The problem there is that you start entering fake question territory where you're making up stuff just for the sake of entertainment. When the OP needs to construct an entire fake workplace or imagine a fake situation, you're going to run into inconsistencies and a lack of detail and realism. Adding details simply isn't a feasible solution. These questions often enter a weird type of Catch 22 where they are simultaneously too generic, as they're divorced from a real world situation, and too specific, as you're adding fake details that make it hard to give generally applicable answers.

I think the only way these questions can work is if they're intended to be general in nature, such as for canonical questions. In that case the lack of detail is fine. The example or hypothetical is just there to frame the question or scenario.

And that is really how I feel about hypothetical questions on SE in general: they should be reserved for general questions and should be held to a high standard. By definition such questions aren't posted to help someone with a problem, which is the site's secondary focus. That leaves the main purpose of this site, which is to establish a database of high quality Q&A. So these types of questions should be well written, searchable, eminently on-topic and answerable.

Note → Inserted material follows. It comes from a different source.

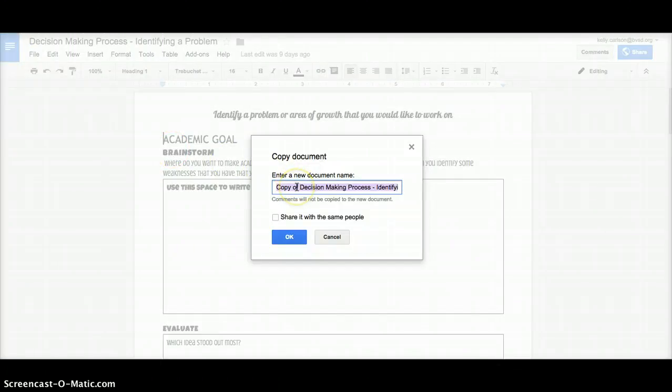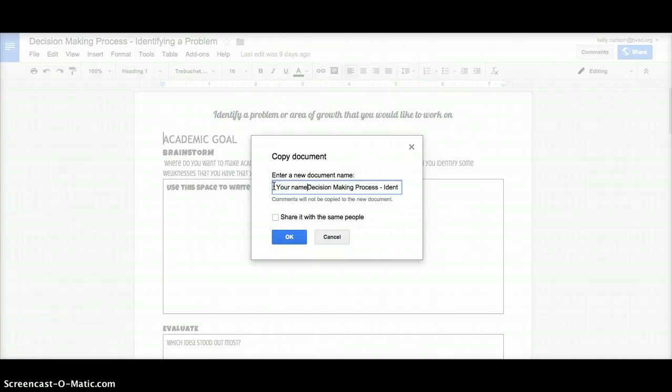It's automatically going to say copy of and then whatever the document is. What I would recommend is just typing in your name up front, leaving the document name so that it has the same piece.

As for your question, the problem is indeed that you're trying to disguise the fact that it's not a real situation. Instead of fabricating a history of events and workplace with multiple supervisors and whatnot, you should have generalised that to something answerable. A variation on "Can I salvage a job offer I accepted when I realised too late that I can't make the schedule work ?" could work, but it depends on what you're specifically interested in: negotiating hours after the fact, negotiating with a recruiter when the hiring manager won't negotiate, or whatnot. You're adding so many obviously fake constraints and setting up such a weird situation that no one else could possibly benefit from answers to such a question.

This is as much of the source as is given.